U.S. President Donald Trump’s economic agenda coupled with Sun Life’s already strong growth in China could boost the fortunes of Canada’s third largest insurer, Connor told BNN in an interview.

Despite the uncertainty surrounding the Donald Trump administration, Sun Life is bullish on the American economy, Connor said. 

“When we look at the U.S. we see a strong economy and I think you have to look past some of the [Trump] tweets, if I can say it that way,” he said.

While Connor is bullish on the U.S. economy, he is not counting on a windfall from Trump’s proposal to slash corporate taxes.  “We’re not counting on it, it’s not part of our eight-to-10 per cent EPS growth plan, but if and when it happens, that will be a real great benefit to us and to our shareholders.”

The company hopes to continue its momentum in other parts of the world as well, particularly in Asia where growth has been strong.  

“Asia continues to be of our four pillars, it’s the fastest-growing pillar,” Connor said, noting Sun Life has been there since 1892 and has tripled its net income in Asia over the past five years.

Analysts on average had expected earnings of 99 Canadian cents per share, according to Thomson Reuters. But underlying net income in the U.S slumped 28.4 per cent to $58 million, while the measure in its Canadian business, its biggest unit, jumped 5 per cent to $229 million, the company said.

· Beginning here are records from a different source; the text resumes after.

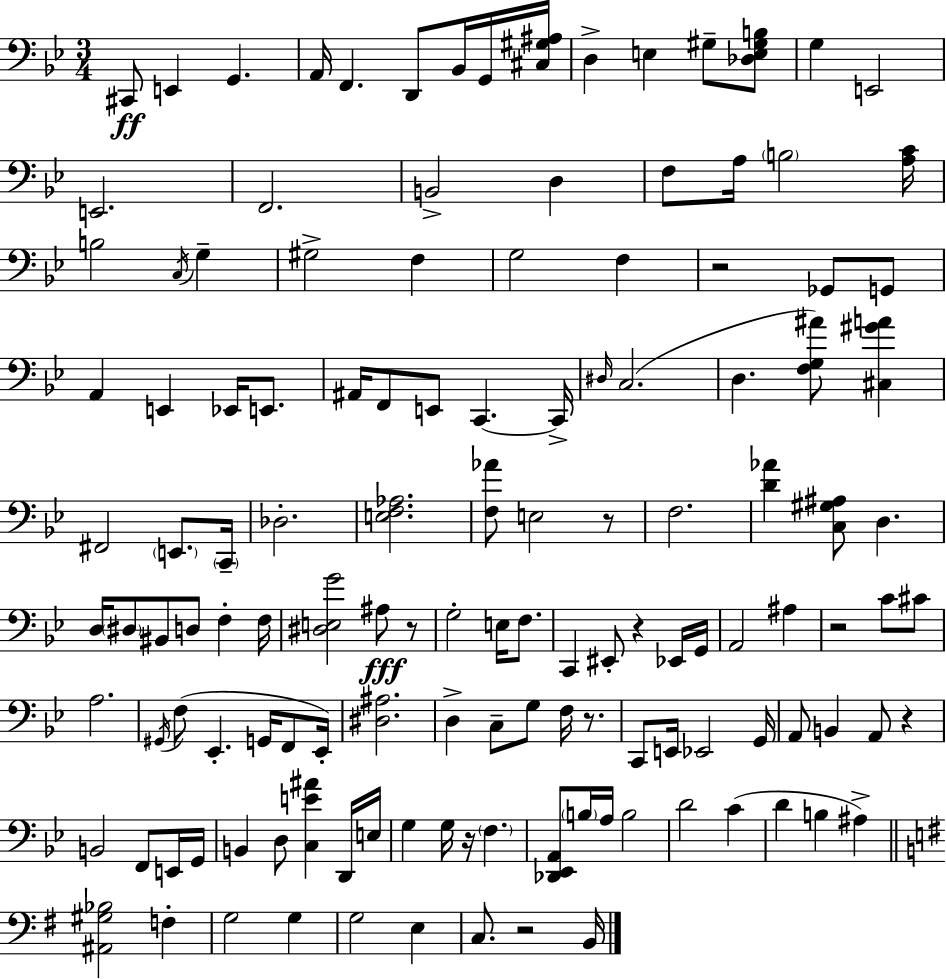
X:1
T:Untitled
M:3/4
L:1/4
K:Gm
^C,,/2 E,, G,, A,,/4 F,, D,,/2 _B,,/4 G,,/4 [^C,^G,^A,]/4 D, E, ^G,/2 [_D,E,^G,B,]/2 G, E,,2 E,,2 F,,2 B,,2 D, F,/2 A,/4 B,2 [A,C]/4 B,2 C,/4 G, ^G,2 F, G,2 F, z2 _G,,/2 G,,/2 A,, E,, _E,,/4 E,,/2 ^A,,/4 F,,/2 E,,/2 C,, C,,/4 ^D,/4 C,2 D, [F,G,^A]/2 [^C,^GA] ^F,,2 E,,/2 C,,/4 _D,2 [E,F,_A,]2 [F,_A]/2 E,2 z/2 F,2 [D_A] [C,^G,^A,]/2 D, D,/4 ^D,/2 ^B,,/2 D,/2 F, F,/4 [^D,E,G]2 ^A,/2 z/2 G,2 E,/4 F,/2 C,, ^E,,/2 z _E,,/4 G,,/4 A,,2 ^A, z2 C/2 ^C/2 A,2 ^G,,/4 F,/2 _E,, G,,/4 F,,/2 _E,,/4 [^D,^A,]2 D, C,/2 G,/2 F,/4 z/2 C,,/2 E,,/4 _E,,2 G,,/4 A,,/2 B,, A,,/2 z B,,2 F,,/2 E,,/4 G,,/4 B,, D,/2 [C,E^A] D,,/4 E,/4 G, G,/4 z/4 F, [_D,,_E,,A,,]/2 B,/4 A,/4 B,2 D2 C D B, ^A, [^A,,^G,_B,]2 F, G,2 G, G,2 E, C,/2 z2 B,,/4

There are issues at home, however, that have been weighing on Canadian sectors and businesses. Connor discussed some of them with BNN and commented on how they could impact his company.

CONNOR ON NAFTA

“NAFTA renegotiation wouldn’t really have a big direct impact on our business. We don’t move a lot of goods across the border – more intellectual capital and technology and so on. But it could have a second-order impact on our clients, so that is something we will be watching that closely.”

CONNOR ON HOME CAPITAL

“I think the confidence in the Canadian financial sector is very strong, not just here in Canada, but around the world. Notwithstanding Home Capital, people realize we are in a country where we’ve got big, strong financial institutions – very well capitalized,  very strong regulators and strong governance…So I don’t think the Home Capital issues, per se, will shake that to a great extent.”

CONNOR ON CANADA’S INFRASTRUCTURE BANK

“We are supporters of the Canadian infrastructure bank. We think that done the right way, this could really help Canada get more money into more projects – and in particular more equity money. We are debt investors in infrastructure. And our main message to the government is make sure in the capital structure you reserve a place for debt.”